In [None]:
import pandas as pd
import numpy as np

pd.set_option('display.max_columns', None)
pd.set_option('display.max_rows', None)


In [None]:
#Enter desired years of data
YEARS = [2019]

data = pd.DataFrame()

for i in YEARS:  
    #low_memory=False eliminates a warning
    i_data = pd.read_csv('https://github.com/guga31bb/nflfastR-data/blob/master/data/' 
                         'play_by_play_' + str(i) + '.csv.gz?raw=True',
                         compression='gzip', low_memory=False)

    #sort=True eliminates a warning and alphabetically sorts columns
    data = data.append(i_data, sort=True)

#Give each row a unique index
data.reset_index(drop=True, inplace=True)
    
roster = pd.read_csv('https://raw.githubusercontent.com/guga31bb/nflfastR-data/master/'  
                     'roster-data/roster.csv.gz', compression='gzip', low_memory=False)

In [None]:
for col in data.columns:
    print(col)

In [None]:
season_rush_stats_2019 = (data
                     .query("play_type == 'run' or play_type == 'qb_kneel'")
                     .query("interception == 0")
                     .query("season == 2019")
                     .query("game_type == 'REG'")
                     .groupby(['rusher_player_id', 'rusher_player_name'])
                     .agg(carries = ('play_id', 'count'),
                          rush_yards = ('yards_gained', 'sum'),
                          rush_tds = ('touchdown', 'sum'))
                     .reset_index()
                     .rename(columns={
                         'rusher_player_id': 'player_id',
                         'rusher_player_name': 'player_name'}))

In [None]:
season_rush_stats_2019.head()

In [None]:
season_rec_stats_2019 = (data
                    .query("play_type == 'pass'")
                    .query("interception == 0")
                    .query("season == 2019")
                    .query("game_type == 'REG'")
                    .groupby(['receiver_player_id', 'receiver_player_name'])
                    .agg(targets = ('play_id', 'count'),
                         catches = ('complete_pass', 'sum'),
                         rec_yards = ('yards_gained','sum'),
                         rec_tds = ('touchdown','sum'))
                    .reset_index()
                    .rename(columns={
                        'receiver_player_id': 'player_id',
                        'receiver_player_name': 'player_name'}))

In [None]:
season_rec_stats_2019.head()

In [None]:
season_rec_stats_2019.keys

In [None]:
season_stats_2019 = pd.merge(season_rush_stats_2019,season_rec_stats_2019,how='outer').fillna(0)

In [None]:
season_stats_2019.head()

In [None]:
data.query("play_type == 'pass'")[["passer_player_id","passer_player_name"]]

I think I'm missing plays like the Brady interception in week 6 against the Giants, where the play_type is flagged as "no-play" because of something else.

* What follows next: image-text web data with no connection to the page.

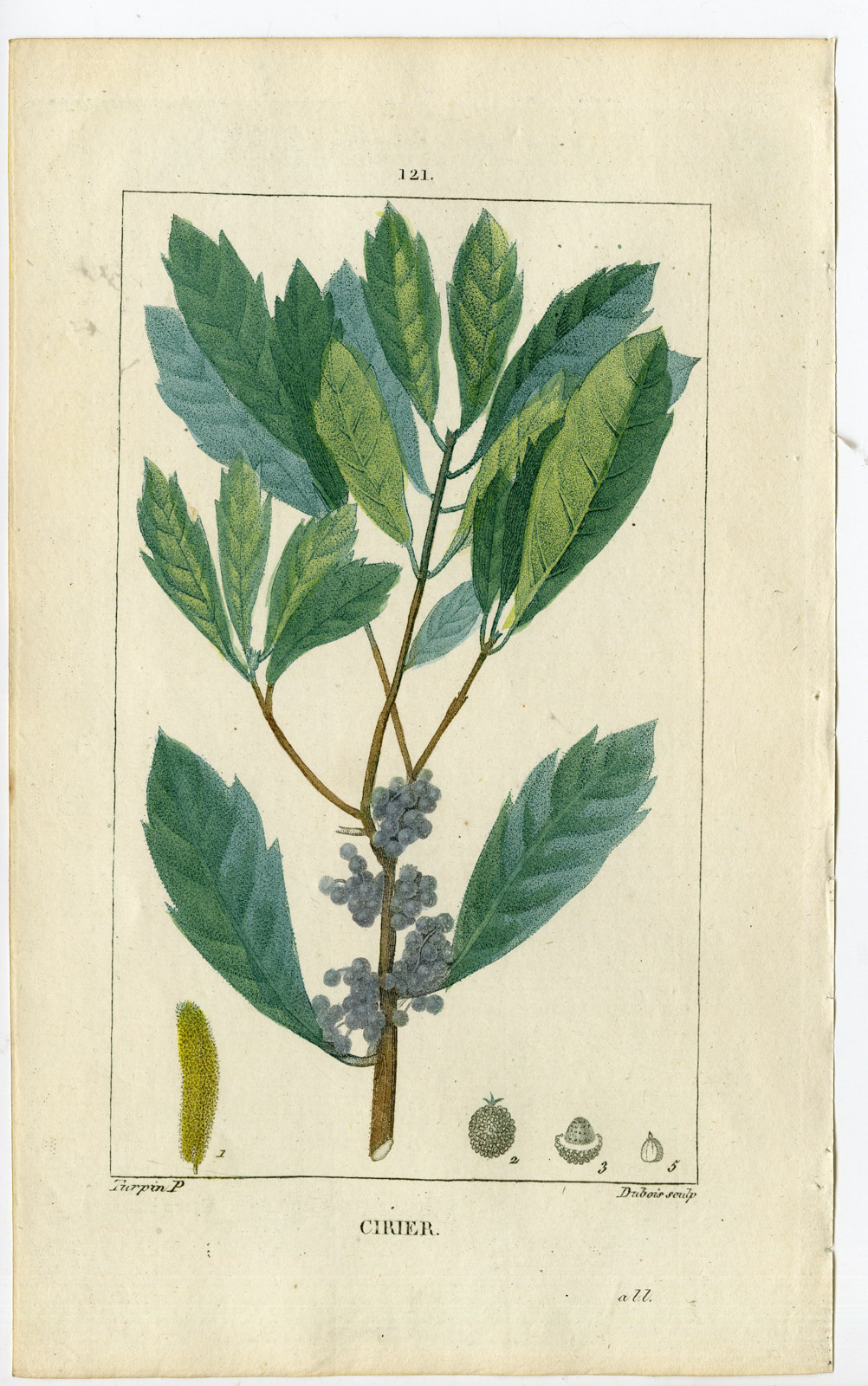 , Antique Print-PL.121-CIRIER-MYRICA-CANDLEBERRY MURTLE-Turpin-Chaumeton-1814, Pictura Antique Prints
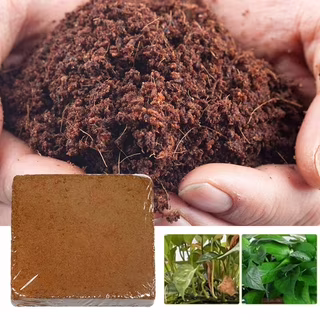 Coco Peat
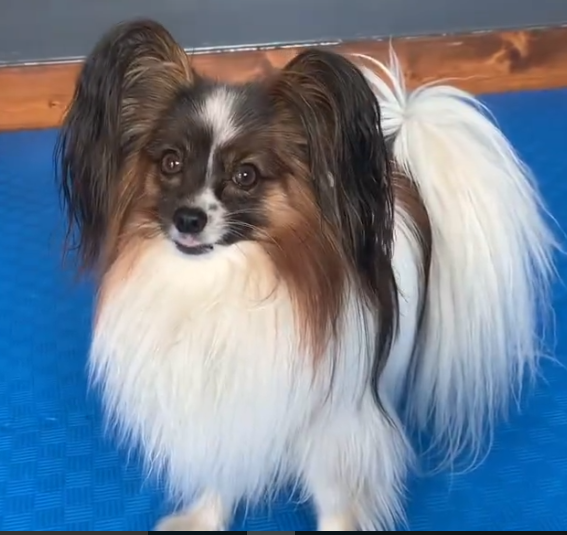 Picture of Alexander Dreymon's pet 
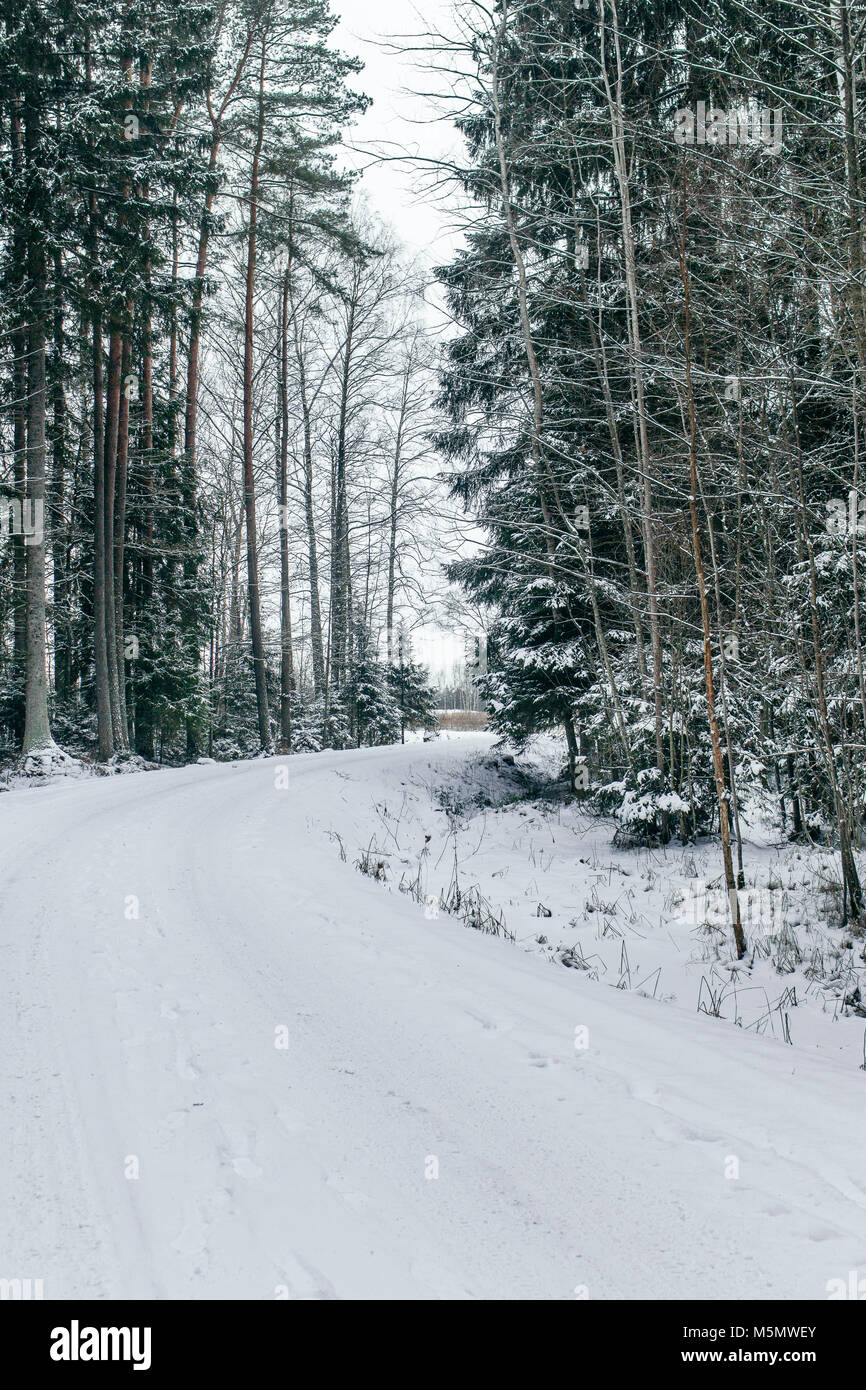 A path through the forest covered with snow Stock Photo - Alamy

Same thing happens in week 13 against the Texans. I wonder how many plays are missed because they're flagged as "no_play"

In [None]:
# No flag for picks here, because we want to include all attempts, which includes picks. 
# So, we can't filter for touchdowns here, because we'll accidentally get pick-sixes. 
# Important to not filter out fumbles, because otherwise we'll erase completions where the receiver fumbled.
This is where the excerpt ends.